> **DESCRIPTION OF THE TASK**:
In the records that follow, find the line containing "1997. 10,00-1600 Kr." and the line containing "La Galizia, Spagna: Porta", then transcribe both and every line between them exactly, omitting pictures.

> **DATA SHOWN**:
⁂

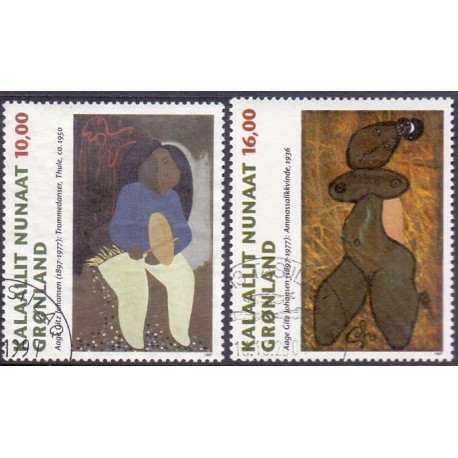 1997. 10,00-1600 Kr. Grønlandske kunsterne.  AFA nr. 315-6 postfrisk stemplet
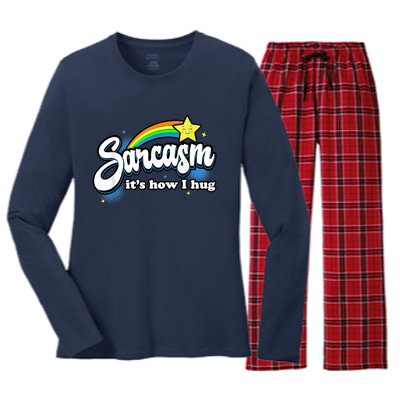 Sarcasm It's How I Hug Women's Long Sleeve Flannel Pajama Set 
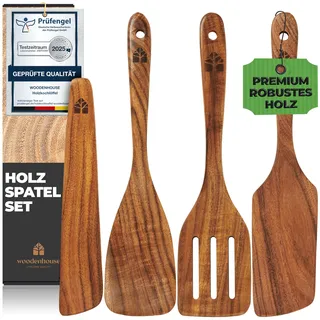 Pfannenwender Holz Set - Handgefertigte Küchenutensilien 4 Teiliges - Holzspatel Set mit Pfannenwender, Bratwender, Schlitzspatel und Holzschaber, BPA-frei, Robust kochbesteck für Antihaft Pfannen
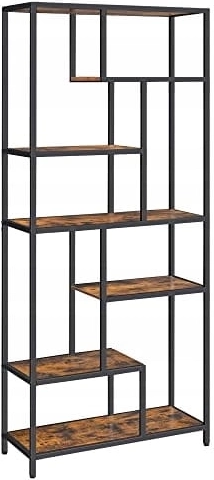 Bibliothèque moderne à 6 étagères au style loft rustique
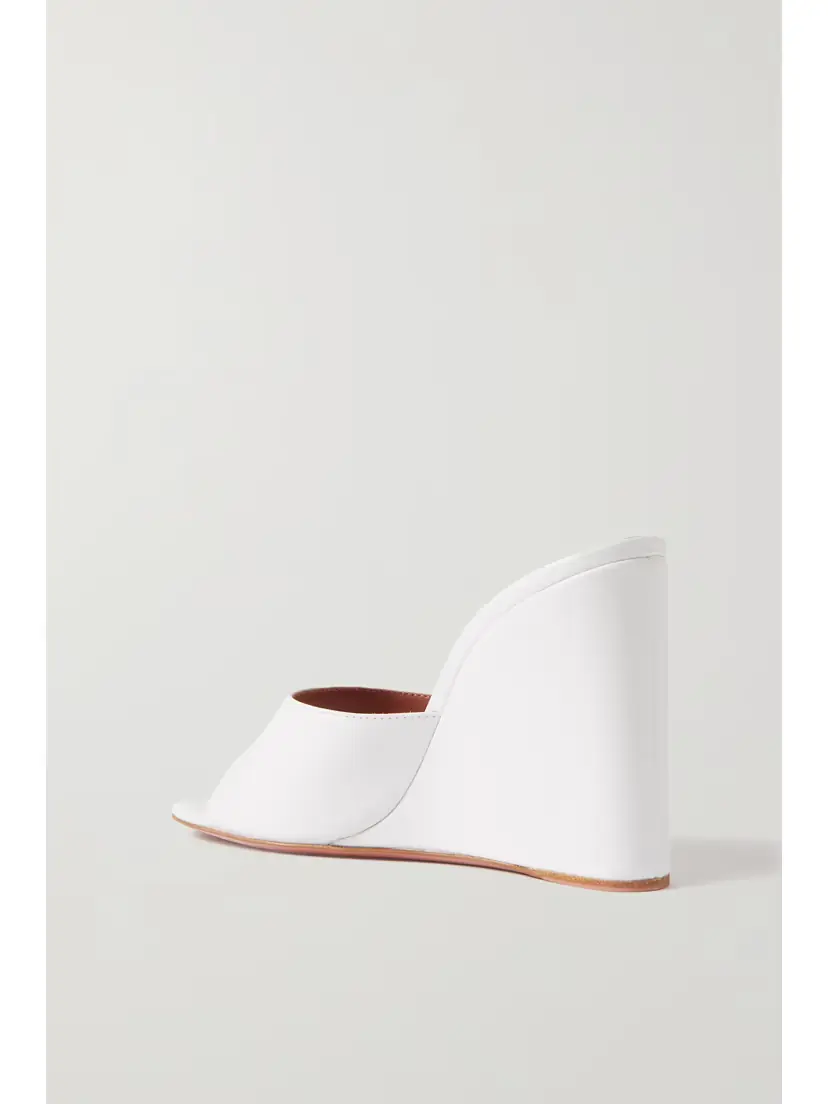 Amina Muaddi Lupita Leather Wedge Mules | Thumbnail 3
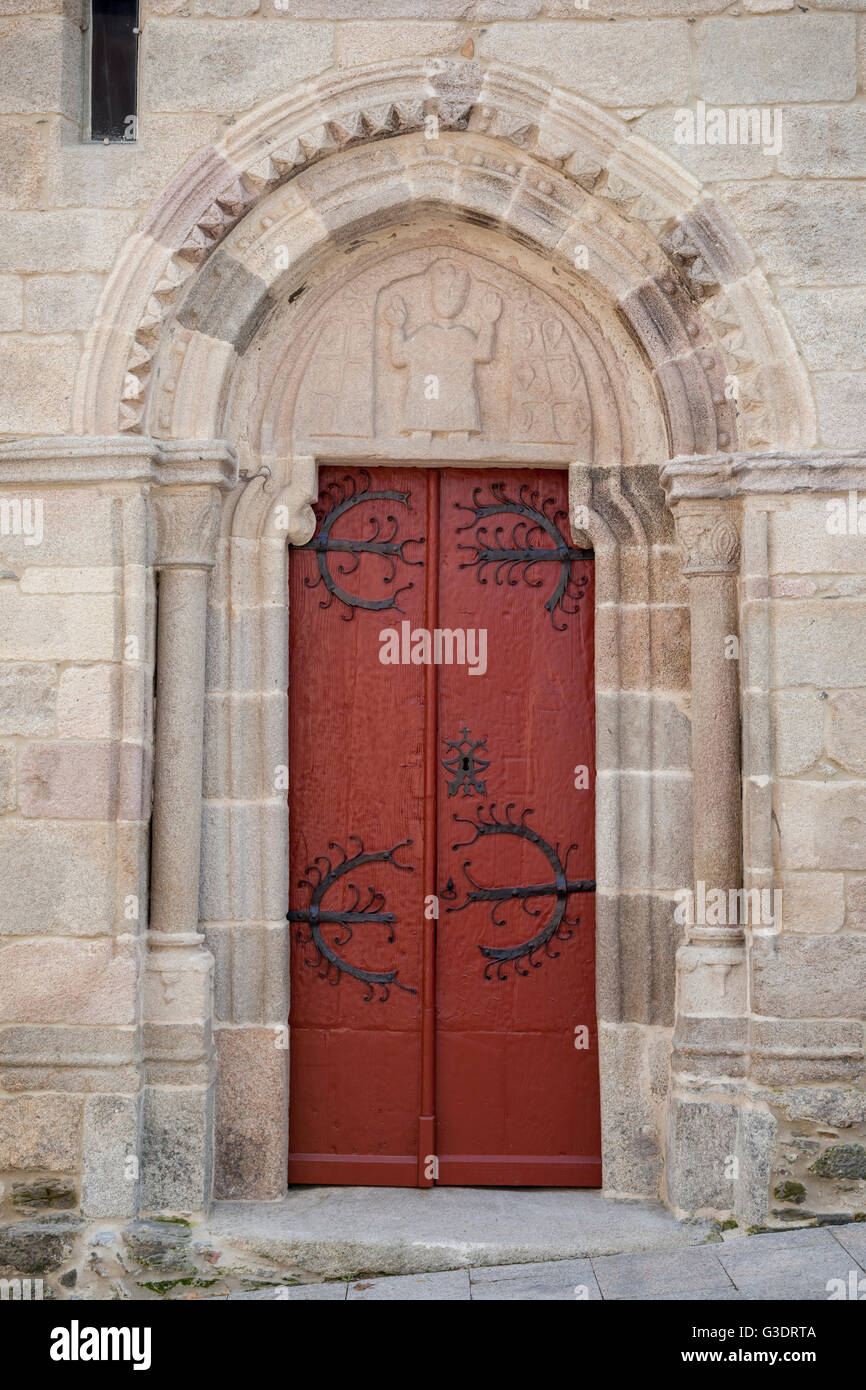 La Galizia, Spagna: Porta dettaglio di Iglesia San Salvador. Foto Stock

⁂

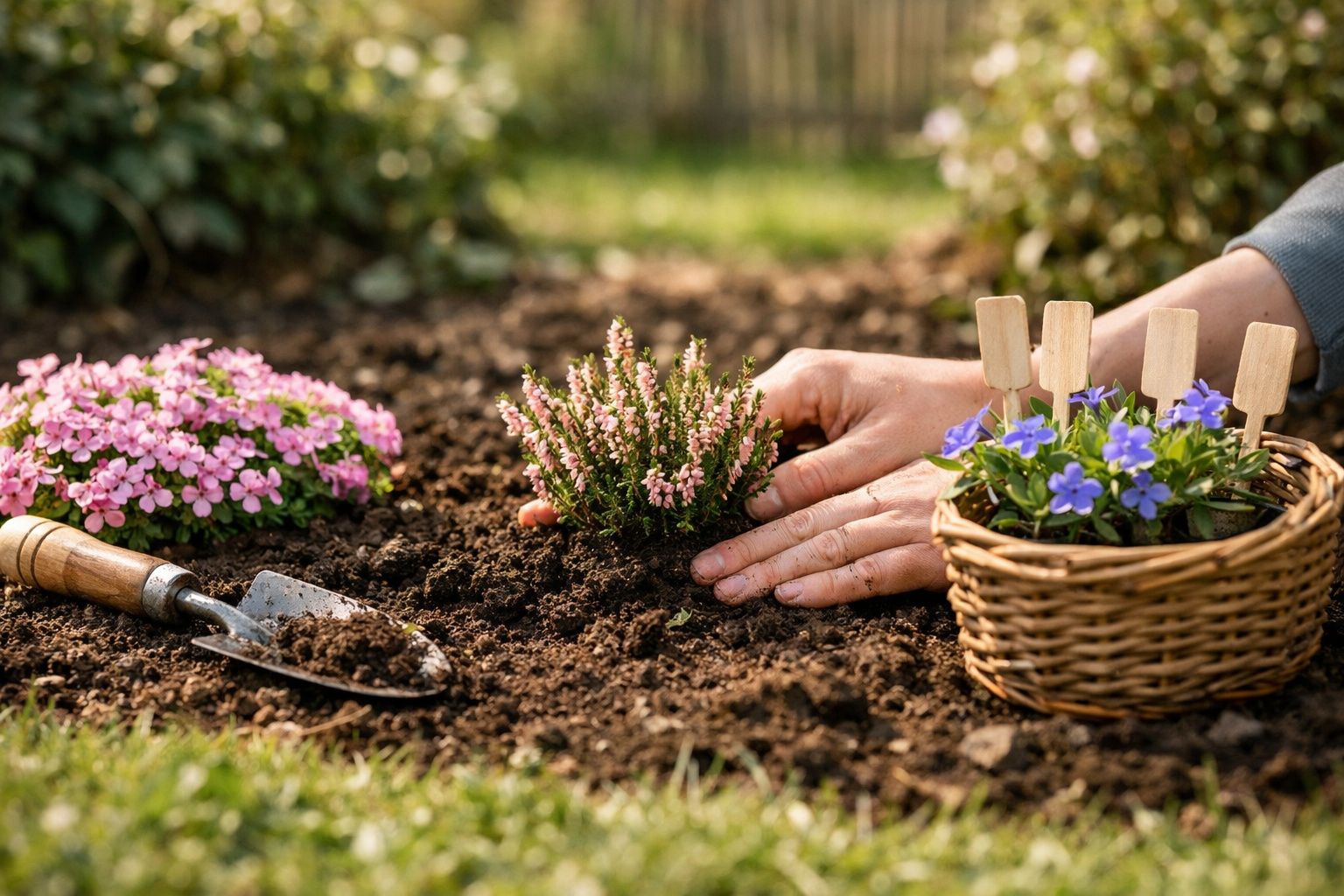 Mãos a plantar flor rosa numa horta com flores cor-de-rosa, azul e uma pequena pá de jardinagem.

⁂

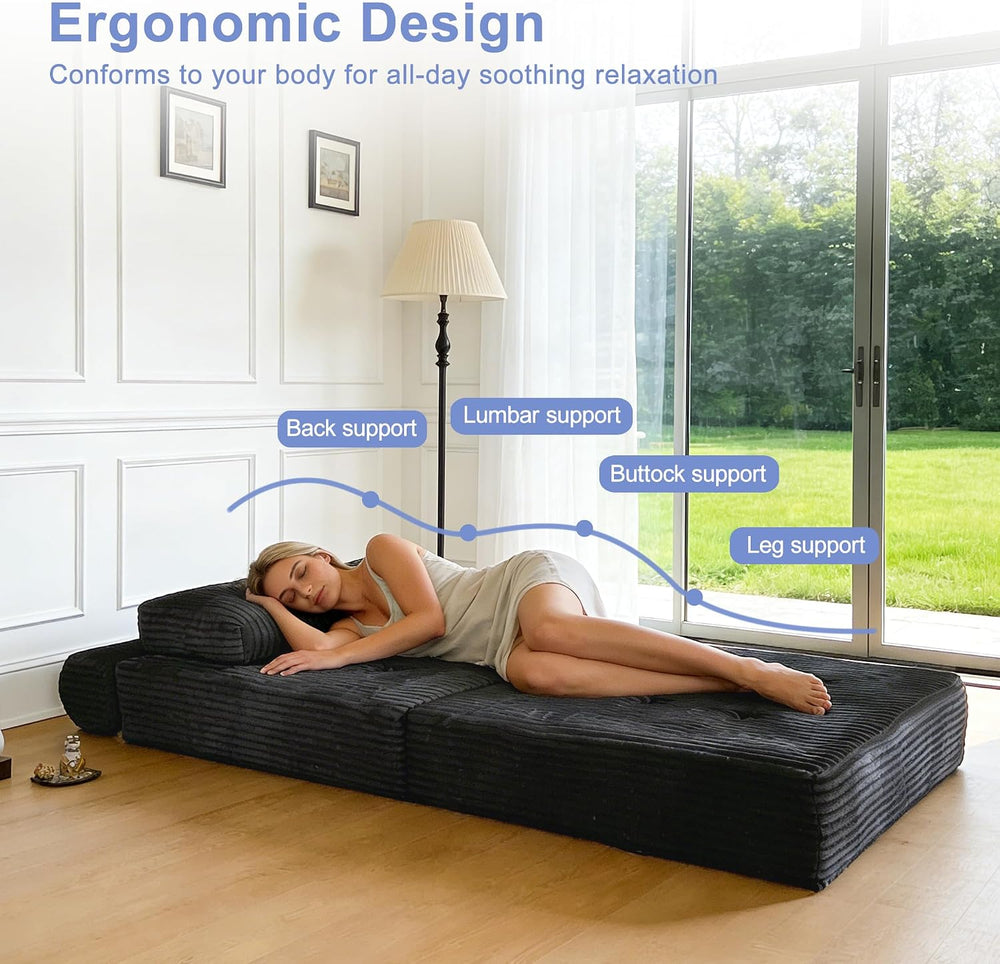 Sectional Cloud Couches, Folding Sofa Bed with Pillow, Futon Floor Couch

⁂

> **RESULT FOR THIS TASK**:
 1997. 10,00-1600 Kr. Grønlandske kunsterne.  AFA nr. 315-6 postfrisk stemplet
 Sarcasm It's How I Hug Women's Long Sleeve Flannel Pajama Set 
 Pfannenwender Holz Set - Handgefertigte Küchenutensilien 4 Teiliges - Holzspatel Set mit Pfannenwender, Bratwender, Schlitzspatel und Holzschaber, BPA-frei, Robust kochbesteck für Antihaft Pfannen
 Bibliothèque moderne à 6 étagères au style loft rustique
 Amina Muaddi Lupita Leather Wedge Mules | Thumbnail 3
 La Galizia, Spagna: Porta dettaglio di Iglesia San Salvador. Foto Stock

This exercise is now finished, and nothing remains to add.